The this keyword is a short hand for "the reference to the object whose method you are currently executing". You can't change what that object is. It simply makes no sense in the Java execution model.
Since it makes no sense for this to change, there is no sense in making it a variable.
(Note that in C++ you are assigning to *this, not this. And in Java there is no * operator and no real equivalent to it.)
If you take the view that you could change the target object for a method in mid flight, then here are some counter questions.
What is the use of doing this? What problems would this (hypothetical) linguistic feature help you solve ... that can't be solved in a more easy-to-understand way?
How would you deal with mutexes? For instance, what would happen if you assign to this in the middle of a synchronized method ... and does the proposed semantic make sense? (The problem is that you either end up executing in synchronized method on an object that you don't have a lock on ... or you have to unlock the old this and lock the new this with the complications that that entails. And besides, how does this make sense in terms of what mutexes are designed to achieve?)
How would you make sense of something like this:
class Animal {
foo(Animal other) {
this = other;
// At this point we could be executing the overridden
// Animal version of the foo method ... on a Llama.
}
}
class Llama {
foo(Animal other) {
}
}
Sure you can ascribe a semantic to this but:
you've broken encapsulation of the subclass in a way that is hard to understand, and
you've not actually achieved anything particularly useful.
If you try seriously to answer these questions, I expect you'll come to the conclusion that it would have been a bad idea to implement this. (But if you do have satisfactory answers, I'd encourage you to write them up and post them as your own Answer to your Question!)
But in reality, I doubt that the Java designers even gave this idea more than a moment's consideration. (And rightly so, IMO)
The *this = ... form of C++ is really just a shorthand for a sequence of assignments of the the attributes of the current object. We can already do that in Java ... with a sequence of normal assignments. There is certainly no need for new syntax to support this. (How often does a class reinitialize itself from the state of another class?)
I note that you commented thus:
I wonder what the semantics of this = xy; should be. What do you think it should do? – JimmyB Nov 2 '11 at 12:18
Provided xy is of the right type, the reference of this would be set to xy, making the "original" object gc-eligible - kostja Nov 2 '11 at 12:24
That won't work.
The value of this is (effectively) passed by value to the method when the method is invoked.
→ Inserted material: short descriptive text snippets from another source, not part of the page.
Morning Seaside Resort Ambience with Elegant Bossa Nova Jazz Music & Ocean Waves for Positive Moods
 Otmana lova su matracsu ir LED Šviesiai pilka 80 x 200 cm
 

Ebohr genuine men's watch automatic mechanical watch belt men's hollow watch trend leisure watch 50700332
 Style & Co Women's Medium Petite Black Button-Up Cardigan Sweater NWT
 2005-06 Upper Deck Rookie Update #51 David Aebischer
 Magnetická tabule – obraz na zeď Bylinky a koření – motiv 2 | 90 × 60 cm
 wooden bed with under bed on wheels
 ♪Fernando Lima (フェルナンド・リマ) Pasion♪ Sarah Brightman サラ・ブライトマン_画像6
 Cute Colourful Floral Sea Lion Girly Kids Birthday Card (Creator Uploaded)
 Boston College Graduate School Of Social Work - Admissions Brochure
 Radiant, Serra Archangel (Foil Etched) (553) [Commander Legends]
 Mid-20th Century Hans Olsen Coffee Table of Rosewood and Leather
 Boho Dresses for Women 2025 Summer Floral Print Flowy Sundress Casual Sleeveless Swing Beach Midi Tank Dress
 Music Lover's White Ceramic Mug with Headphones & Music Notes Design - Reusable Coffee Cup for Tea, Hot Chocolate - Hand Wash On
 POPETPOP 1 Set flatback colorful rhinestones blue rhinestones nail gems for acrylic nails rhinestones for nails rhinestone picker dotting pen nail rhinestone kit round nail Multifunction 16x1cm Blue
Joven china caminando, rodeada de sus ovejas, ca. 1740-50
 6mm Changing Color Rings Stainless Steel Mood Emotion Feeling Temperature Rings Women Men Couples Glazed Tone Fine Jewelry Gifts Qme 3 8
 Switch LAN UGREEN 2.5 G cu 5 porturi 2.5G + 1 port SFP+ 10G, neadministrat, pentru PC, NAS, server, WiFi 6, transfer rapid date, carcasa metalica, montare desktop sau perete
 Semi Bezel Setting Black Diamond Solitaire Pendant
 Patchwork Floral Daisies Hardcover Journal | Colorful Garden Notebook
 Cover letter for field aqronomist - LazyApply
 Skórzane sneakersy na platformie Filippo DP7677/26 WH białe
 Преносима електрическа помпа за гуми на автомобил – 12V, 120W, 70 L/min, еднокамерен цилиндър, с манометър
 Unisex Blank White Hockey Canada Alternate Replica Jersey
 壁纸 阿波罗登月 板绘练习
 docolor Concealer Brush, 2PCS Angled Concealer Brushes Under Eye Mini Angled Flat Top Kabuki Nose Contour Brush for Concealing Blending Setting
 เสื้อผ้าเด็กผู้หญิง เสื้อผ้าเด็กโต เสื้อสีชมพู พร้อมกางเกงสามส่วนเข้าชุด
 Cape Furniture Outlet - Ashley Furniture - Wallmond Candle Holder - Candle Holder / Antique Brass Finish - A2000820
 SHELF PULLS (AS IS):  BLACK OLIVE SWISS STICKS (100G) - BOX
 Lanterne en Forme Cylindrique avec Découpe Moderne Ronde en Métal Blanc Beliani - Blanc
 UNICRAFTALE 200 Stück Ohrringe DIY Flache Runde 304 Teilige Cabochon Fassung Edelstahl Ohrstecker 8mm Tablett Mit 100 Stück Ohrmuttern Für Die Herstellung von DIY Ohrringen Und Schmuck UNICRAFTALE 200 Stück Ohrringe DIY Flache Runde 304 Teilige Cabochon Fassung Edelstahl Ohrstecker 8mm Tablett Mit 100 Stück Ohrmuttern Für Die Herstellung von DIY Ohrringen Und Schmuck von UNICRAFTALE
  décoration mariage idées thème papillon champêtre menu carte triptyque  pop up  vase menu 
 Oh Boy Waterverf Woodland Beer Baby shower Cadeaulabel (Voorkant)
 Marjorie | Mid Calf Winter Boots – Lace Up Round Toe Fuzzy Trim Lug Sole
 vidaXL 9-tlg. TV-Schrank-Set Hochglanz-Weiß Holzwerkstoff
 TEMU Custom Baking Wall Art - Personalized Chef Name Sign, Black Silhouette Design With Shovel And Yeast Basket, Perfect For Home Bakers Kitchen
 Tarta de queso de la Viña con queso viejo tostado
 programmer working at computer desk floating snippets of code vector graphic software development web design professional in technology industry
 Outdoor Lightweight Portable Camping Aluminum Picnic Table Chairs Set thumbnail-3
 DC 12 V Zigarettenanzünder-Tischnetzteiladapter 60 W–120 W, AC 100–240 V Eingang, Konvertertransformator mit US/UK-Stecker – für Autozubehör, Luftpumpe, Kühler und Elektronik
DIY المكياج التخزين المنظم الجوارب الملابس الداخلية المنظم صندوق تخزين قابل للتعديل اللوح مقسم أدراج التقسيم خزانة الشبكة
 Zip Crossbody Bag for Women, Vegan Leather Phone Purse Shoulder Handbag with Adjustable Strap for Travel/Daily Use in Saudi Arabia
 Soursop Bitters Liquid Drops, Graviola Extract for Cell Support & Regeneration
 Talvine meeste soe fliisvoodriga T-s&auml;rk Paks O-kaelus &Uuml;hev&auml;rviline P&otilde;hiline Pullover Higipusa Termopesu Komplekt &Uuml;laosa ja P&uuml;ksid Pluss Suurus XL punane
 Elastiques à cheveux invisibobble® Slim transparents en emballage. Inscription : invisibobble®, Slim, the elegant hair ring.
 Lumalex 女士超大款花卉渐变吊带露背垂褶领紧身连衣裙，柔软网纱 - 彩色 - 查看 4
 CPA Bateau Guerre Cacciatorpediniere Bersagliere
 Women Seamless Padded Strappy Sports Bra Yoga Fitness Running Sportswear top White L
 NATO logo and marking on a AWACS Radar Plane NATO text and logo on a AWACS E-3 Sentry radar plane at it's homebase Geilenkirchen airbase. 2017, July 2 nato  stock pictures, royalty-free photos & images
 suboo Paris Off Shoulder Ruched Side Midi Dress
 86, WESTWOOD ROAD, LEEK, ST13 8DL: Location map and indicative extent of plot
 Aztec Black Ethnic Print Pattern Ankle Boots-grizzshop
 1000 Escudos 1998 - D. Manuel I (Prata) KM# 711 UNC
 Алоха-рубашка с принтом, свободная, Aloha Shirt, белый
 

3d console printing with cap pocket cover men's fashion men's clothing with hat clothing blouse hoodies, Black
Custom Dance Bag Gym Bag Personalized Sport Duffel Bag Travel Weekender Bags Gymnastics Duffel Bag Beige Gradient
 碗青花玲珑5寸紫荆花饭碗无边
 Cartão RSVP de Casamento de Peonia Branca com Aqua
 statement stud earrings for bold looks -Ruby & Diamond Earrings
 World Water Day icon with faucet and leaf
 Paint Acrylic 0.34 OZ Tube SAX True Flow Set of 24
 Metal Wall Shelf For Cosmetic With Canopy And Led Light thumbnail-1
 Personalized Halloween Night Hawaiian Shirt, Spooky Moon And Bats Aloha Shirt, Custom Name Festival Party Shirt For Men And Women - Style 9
The callee doesn't know where the this reference came from.
Even if it did, that's only one place where the reference is held. Unless null is assigned in all places, the object cannot be eligible of garbage collection.
Ignoring the fact that this is technically impossible, I do not think that your idea would be useful OR conducive to writing readable / maintainable code. Consider this:
public class MyClass {
public void kill(MyClass other) {
this = other;
}
}
MyClass mine = new MyClass();
....
mine.kill(new MyClass());
// 'mine' is now null!
Why would you want to do that? Supposing that the method name was something innocuous rather than kill, would you expect the method to be able to zap the value of mine?
I don't. In fact, I think that this would be a misfeature: useless and dangerous.
Even without these nasty "make it unreachable" semantics, I don't actually see any good use-cases for modifying this.
this isn't even a variable. It's a keyword, as defined in the Java Language Specification:
When used as a primary expression, the keyword this denotes a value that is a reference to the object for which the instance method was invoked (§15.12), or to the object being constructed
So, it's not possible as it's not possible to assign a value to while.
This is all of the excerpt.